Please give back each entry below unaltered, leaving the pictures out.

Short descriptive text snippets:
*-*-*

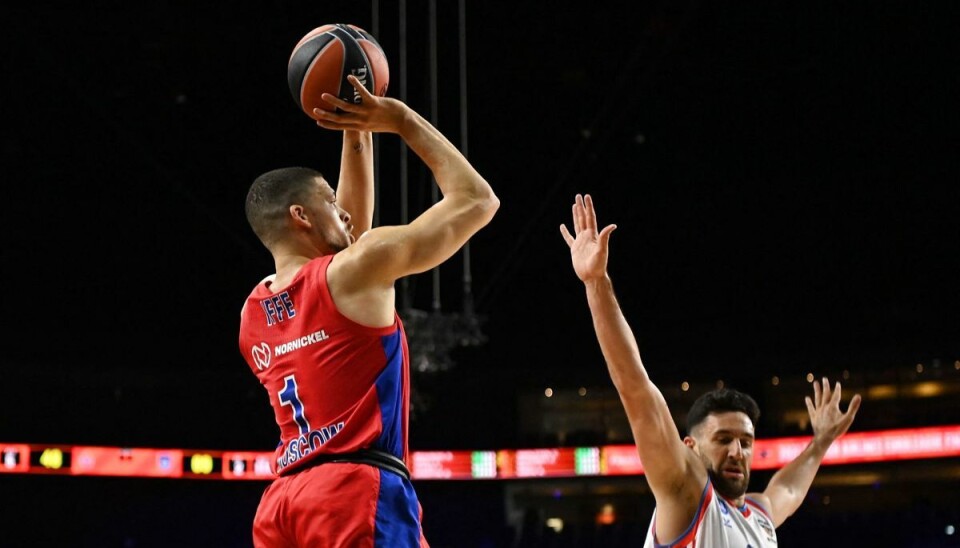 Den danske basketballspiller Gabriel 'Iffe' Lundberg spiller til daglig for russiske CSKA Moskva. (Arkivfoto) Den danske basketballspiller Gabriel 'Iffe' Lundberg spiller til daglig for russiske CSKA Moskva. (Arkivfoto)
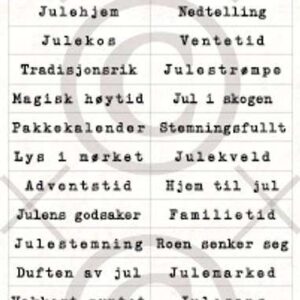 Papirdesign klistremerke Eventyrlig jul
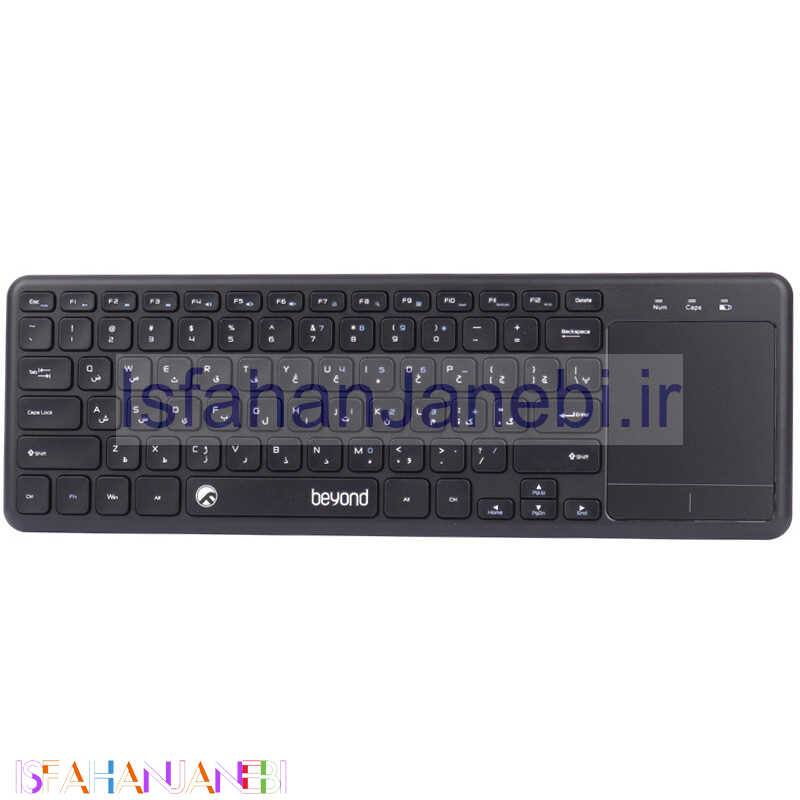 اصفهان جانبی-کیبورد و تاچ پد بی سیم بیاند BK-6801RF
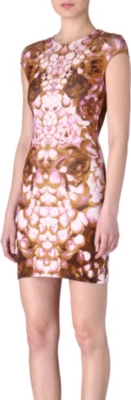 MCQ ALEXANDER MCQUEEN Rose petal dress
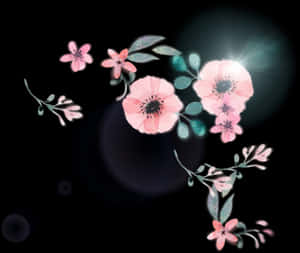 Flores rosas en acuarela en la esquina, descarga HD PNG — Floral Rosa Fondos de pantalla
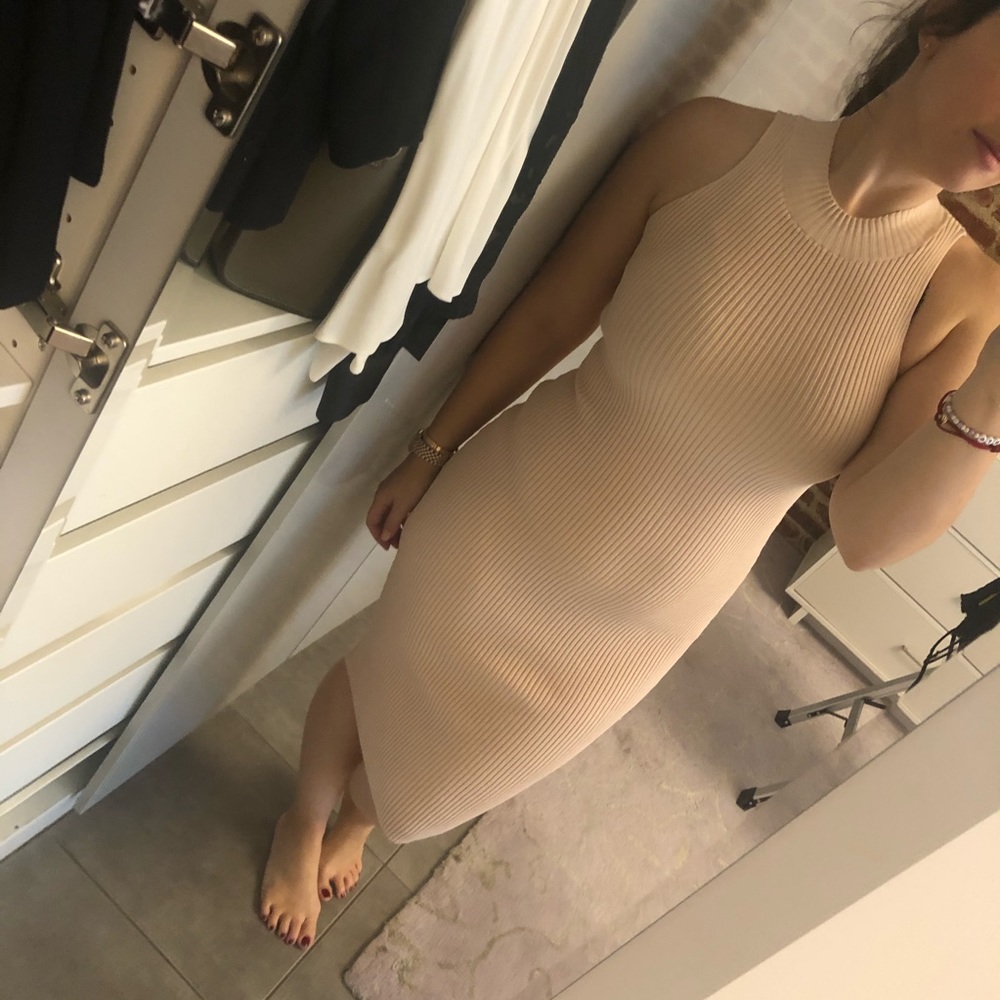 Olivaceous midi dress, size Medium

*-*-*

> **Exercise answer**
 Den danske basketballspiller Gabriel 'Iffe' Lundberg spiller til daglig for russiske CSKA Moskva. (Arkivfoto) Den danske basketballspiller Gabriel 'Iffe' Lundberg spiller til daglig for russiske CSKA Moskva. (Arkivfoto)
 Papirdesign klistremerke Eventyrlig jul
 اصفهان جانبی-کیبورد و تاچ پد بی سیم بیاند BK-6801RF
 MCQ ALEXANDER MCQUEEN Rose petal dress
 Flores rosas en acuarela en la esquina, descarga HD PNG — Floral Rosa Fondos de pantalla
 Olivaceous midi dress, size Medium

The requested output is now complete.